Éxito
es, según la primera acepción que recoge el diccionario de la Real Academia
Española, el “resultado feliz de un negocio, actuación, etc.”. Si seguimos esta idea, el
éxito dependería del fin que nos hemos propuesto antes de iniciar la actividad.
Si uno se ha planteado de joven, por ejemplo, llegar a lo más alto en el
terreno profesional, éxito sería alcanzar en ese campo las cotas más elevadas.
Y si lo que ha querido es tener mucho dinero, lo sería llegar a ser millonario.
Y si lo que ha pretendido es ser famoso, lo sería que fuera conocido por la
mayoría de los miembros de la sociedad.
Generalmente, casi nadie tiene un
fin tan claro y tan limitado, y el que lo tiene no suele reconocerlo, porque
resulta estúpido a los ojos de los demás, dado que existe la convicción social aparente
de que lo natural es gestionar adecuadamente un conjunto de fines menores para
conseguir el fin último de la felicidad, de que es posible, por ejemplo,
intentar llegar a lo máximo en el campo profesional y de esa manera tener dinero
más que suficiente y ser conocido, e incluso reconocido, por sus conciudadanos,
todo lo cual le supondrá el mayor grado de satisfacción, que es lo más parecido
a la felicidad.
Pero la felicidad es un estado
demasiado vago poco como para que pueda hacerse ostentación de él o para que de
él se pueda obtener el reconocimiento social, de modo que lo que la sociedad
reconoce en realidad son los indicios que muestran los fines menores, porque
supone que quien los ha conseguido debe estar satisfecho por ello, es decir,
que quien ha triunfado en el campo profesional debe haberlo hecho también en el
vital, lo mismo que quien ha conseguido hacer mucho dinero, o quien ha obtenido
la fama y/o la admiración de sus vecinos. Y ya no digo nada si ha conseguido
todo eso a la vez. En circunstancias normales de salud, el éxito vital, en fin,
acaba cuantificándose en títulos, en dinero y en premios, por no decir en las
veces que has salido en la televisión, lo cual puede resultar demoledor para la
personalidad del individuo, que puede acabar creyéndose que es lo que dicen de
él o que son amigos toda la chusma de prosélitos interesados que lo rodean.

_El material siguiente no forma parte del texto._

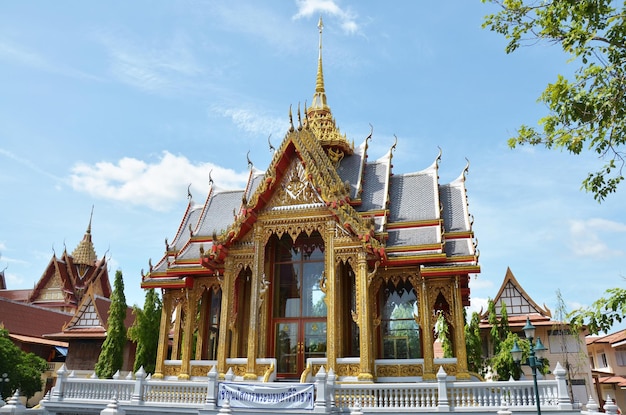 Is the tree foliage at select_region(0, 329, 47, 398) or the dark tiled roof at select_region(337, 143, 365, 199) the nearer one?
the dark tiled roof at select_region(337, 143, 365, 199)

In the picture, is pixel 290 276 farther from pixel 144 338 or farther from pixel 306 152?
pixel 144 338

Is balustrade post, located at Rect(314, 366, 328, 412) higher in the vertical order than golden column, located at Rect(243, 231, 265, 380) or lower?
lower

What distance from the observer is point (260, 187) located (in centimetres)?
1357

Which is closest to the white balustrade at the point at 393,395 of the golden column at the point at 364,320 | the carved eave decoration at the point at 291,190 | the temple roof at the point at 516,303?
the golden column at the point at 364,320

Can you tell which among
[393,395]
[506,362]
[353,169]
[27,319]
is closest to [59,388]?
[393,395]

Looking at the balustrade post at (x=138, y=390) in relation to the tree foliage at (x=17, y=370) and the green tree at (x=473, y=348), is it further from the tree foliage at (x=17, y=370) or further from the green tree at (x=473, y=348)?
the tree foliage at (x=17, y=370)

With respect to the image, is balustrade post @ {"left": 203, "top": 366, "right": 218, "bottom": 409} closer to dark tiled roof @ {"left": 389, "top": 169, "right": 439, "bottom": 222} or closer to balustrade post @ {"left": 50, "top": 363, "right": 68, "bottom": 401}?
balustrade post @ {"left": 50, "top": 363, "right": 68, "bottom": 401}

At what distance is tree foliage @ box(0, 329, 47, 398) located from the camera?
26094 mm

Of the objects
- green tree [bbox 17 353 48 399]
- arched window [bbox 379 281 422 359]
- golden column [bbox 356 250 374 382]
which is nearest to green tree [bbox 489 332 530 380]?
arched window [bbox 379 281 422 359]

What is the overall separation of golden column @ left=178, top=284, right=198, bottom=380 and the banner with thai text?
2993 millimetres

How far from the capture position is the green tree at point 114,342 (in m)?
22.3

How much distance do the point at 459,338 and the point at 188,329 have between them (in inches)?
294

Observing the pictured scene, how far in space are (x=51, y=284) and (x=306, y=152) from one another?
148ft

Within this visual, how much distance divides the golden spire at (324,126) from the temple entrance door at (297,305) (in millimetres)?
4115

Y si eso les pasa a las personas,
otro tanto les pasa a las agrupaciones de personas. Viene al caso esto porque
el pasado domingo estuve otra vez en la romería de San Benito de Obejo, que es a
la vez espectacular y entrañable, lo que me ha hecho reflexionar sobre la
naturaleza del éxito y sobre lo corrosivo que el éxito puede llegar a ser, a lo
que me ha ayudado también el que por estos días algunos dueños de patios de
Córdoba (recientemente declarados Patrimonio de la Humanidad por la UNESCO) hayan
pedido al Ayuntamiento de esa ciudad que les dupliquen las subvenciones para su
mantenimiento y apertura al público.
No sé cuánta gente estábamos en
la romería de San Benito, pero me atrevo a decir que no mucha y, en todo caso,
que la justa. Por eso no entiendo el afán de los periódicos del día siguiente
en asociar el éxito de la convocatoria con el número de asistentes, como si la
calidad dependiera de la cantidad. Esta obsesión por asociar el éxito del
evento con la cantidad es algo que no he entendido nunca, salvo para las
manifestaciones. En la romería de Obejo se podía aparcar el coche sin mayores
problemas, se podía tomar una cerveza sin mayores problemas en la única tasca
que había y se podía ver la procesión y la danza de las espadas sin mayores
problemas. Pero si hubiera habido una poca gente más, ya habría habido
problemas y nos habríamos sentido incómodos los asistentes.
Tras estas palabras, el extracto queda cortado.